Hadoop 2.0 - org.apache.hadoop.fs.Hdfs vs. DistributedFileSystem?

2013-06-18 Thread Stephen Watt
Hi Folks

My understanding is that from Hadoop 2.0 onwards the AbstractFileSystem is now 
the strategic class to extend for writing Hadoop FileSystem plugins. This is a 
departure from previous versions where one would extend the FileSystem class. 
This seems to be reinforced by the hadoop-default.xml for Hadoop 2.0 in the 
Apache Wiki 
(http://hadoop.apache.org/docs/r2.0.2-alpha/hadoop-project-dist/hadoop-common/core-default.xml)
 which shows fs.AbstractFileSystem.hdfs.impl being set to 
org.apache.hadoop.fs.Hdfs 

Is my assertion correct?
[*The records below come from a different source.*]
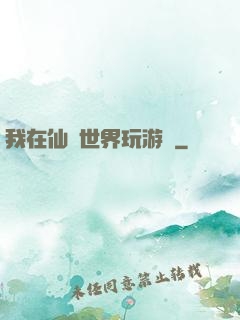 我在仙俠世界玩游戲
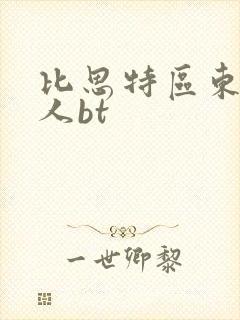 比思特区东方美人bt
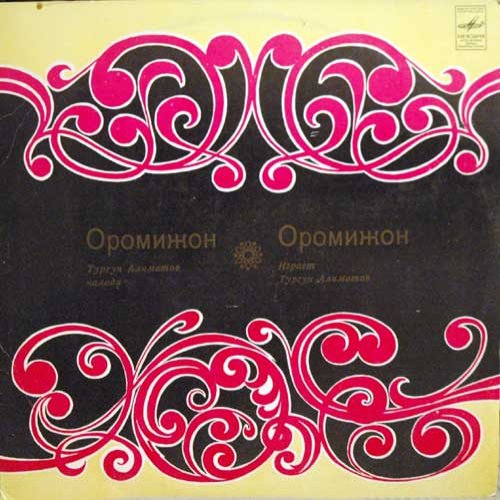 Оромижон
Do we have community consensus around this? i.e. 
Beyond the apache distro, are the commercial distros (Intel, Hortonworks, 
Cloudera, WanDisco, EMC Pivotal, etc.) using org.apache.hadoop.fs.Hdfs as their 
filesystem plugin for HDFS? What does one lose by using the 
DistributedFileSystem class instead of the Hdfs class?

Regards
Steve Watt

- Original Message -
From: "Andrew Wang" 
To: common-dev@hadoop.apache.org
Cc: "Milind Bhandarkar" , "shv hadoop" 
, "Steve Loughran" , "Kun Ling" 
, "Roman Shaposhnik" , "Andrew 
Purtell" , cdoug...@apache.org, jayh...@cs.ucsc.edu, 
"Sanjay Radia" 
Sent: Friday, June 14, 2013 1:32:38 PM
Subject: Re: [DISCUSS] Ensuring Consistent Behavior for Alternative Hadoop 
FileSystems + Workshop

Hey Steve,

I agree that it's confusing. FileSystem and FileContext are essentially two
parallel sets of interfaces for accessing filesystems in Hadoop.
FileContext splits the interface and shared code with AbstractFileSystem,
while FileSystem is all-in-one. If you're looking for the AFS equivalents
to DistributedFileSystem and LocalFileSystem, see Hdfs and LocalFs.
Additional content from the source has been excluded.